Traditional Chinese wedding dresses

Historically, the bride and groom’s very unique wedding outfits play the most significant part in the wedding.

Despite a wide variety of style and element choices in Chinese regions, typically, wedding clothes for the bride and groom include red as the base color with a dragon and phoenix design.

The bride’s dress is a Chinese-style long gown called a Cheongsam, which features an embroidered phoenix and embodies the beauty of a Chinese traditional costume, while the groom’s clothing often has two pieces, a coat over a long robe embroidered with a dragon.

Wedding bouquet

In traditional Chinese weddings, the color white is rarely seen. White flowers, which signify death and funerals, are hence avoided.

Flowers like peonies, daffodils, orchids, and lotuses are often used in bouquets and floral arrangements.

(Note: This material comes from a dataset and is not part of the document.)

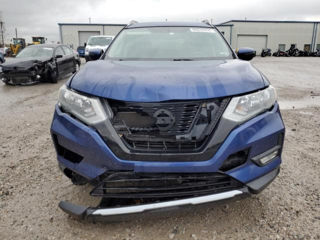 Nissan Rogue foto 2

These flowers have special meanings in Chinese traditions — the peony symbolizes wealth and nobility, the daffodil spring and renewal, the orchid beauty and fragrance, and the lotus love. It is interesting to note the lotus flower is also a symbol of purity in Buddhism.

Traditional Chinese wedding foods

Specially selected foods as tokens of traditional Chinese marriage include red beans, red dates, dried longans, peanuts, and lotus seeds.

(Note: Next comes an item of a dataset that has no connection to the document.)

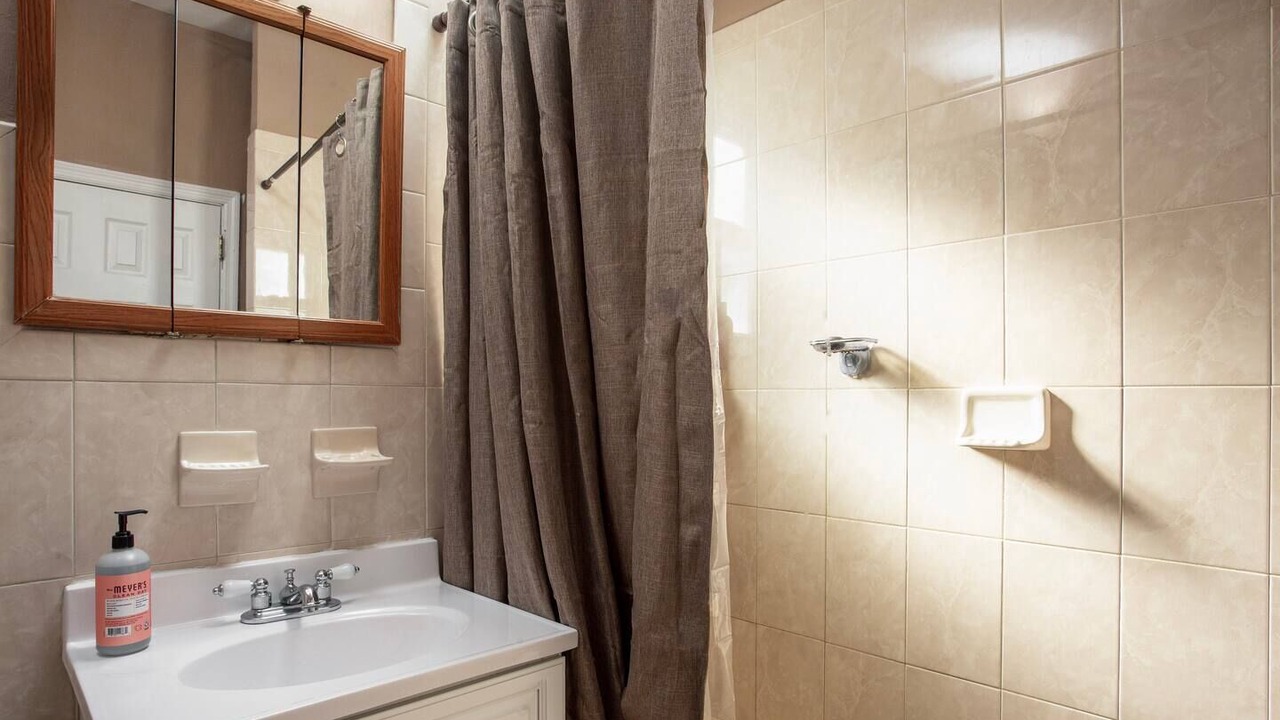 Photo of Bathroom in Queens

Red beans are used to make bean paste as a sweet dessert, representing wishes for a happy life for the couple.

Red dates, dried longans, peanuts, and lotus seeds all symbolize long life, fertility, harmonious marriage, and auspicious prosperity.

The words “seed” and “son,” and “date” and “early,” are homophones — they are pronounced the same way, but differ in meaning and spelling.

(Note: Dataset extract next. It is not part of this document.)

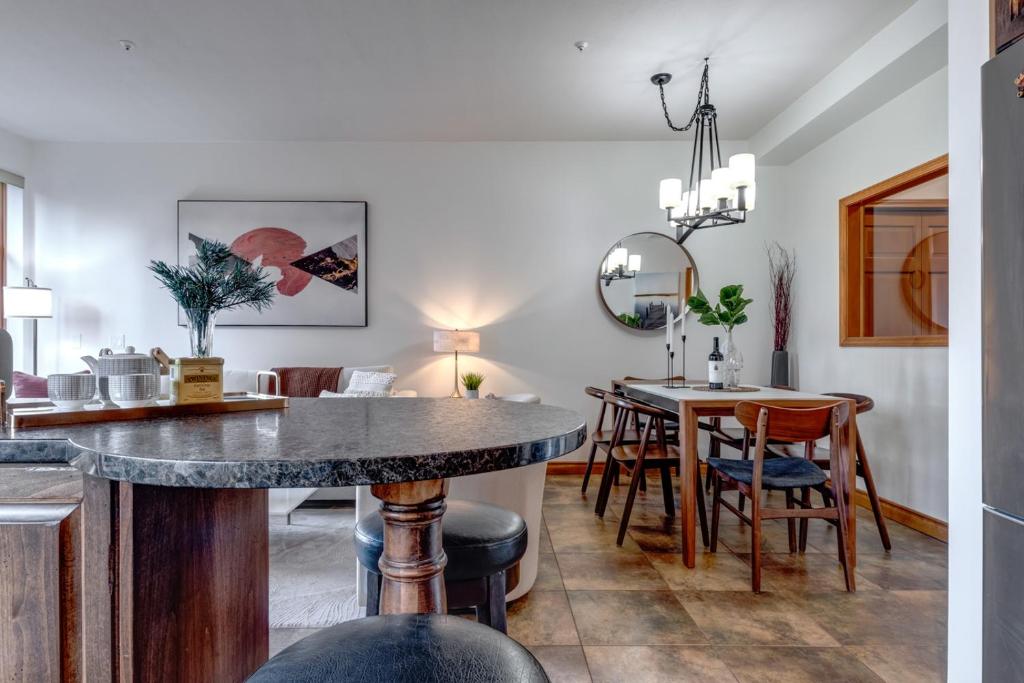 Fotografie z fotogalerie ubytování Central 2BR with Prime Amenities v destinaci Whistler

Following the ancient traditions, red dates, dried longans, peanuts, and lotus seeds — together with fruits like oranges and pomegranates — are placed or scattered on the bridal bed, the more, the merrier, with wishes for the conception of a healthy baby.

Specially selected foods as tokens of traditional Chinese marriage include red beans, red dates, dried longans, peanuts, and lotus seeds.
Specially selected foods as tokens of traditional Chinese marriage include red beans, red dates, dried longans, peanuts, and lotus seeds. (Image via Dreamstime)

Noisy procession to fetch the bride

Traditionally, firecrackers were used to frighten and ward off evil spirits. After the evil had been purged, people were able to express their happiness.

Firecrackers are often found at Chinese weddings. The more powerful and loud the explosion, the more good luck is brought to the bridal couple.

Gongs, drums, and plenty of noise mark the start of the wedding procession from the groom’s home to the bride’s home, frightening away any evil spirits that may interfere with the couple.

After collecting the bride, the procession snakes its way back to the groom’s house, symbolizing the transition from her own family to her husband’s.

Joining of hair

In traditional Chinese culture, hair is often taken as a pledge of love or a token of marriage, as one’s hair represents oneself. The bride and groom each cut off a piece of their own hair, which is then tied together and put into a bag for the bride to keep. This token of marriage signifies the two people tying the knot, becoming inseparable, and spending the rest of their lives together.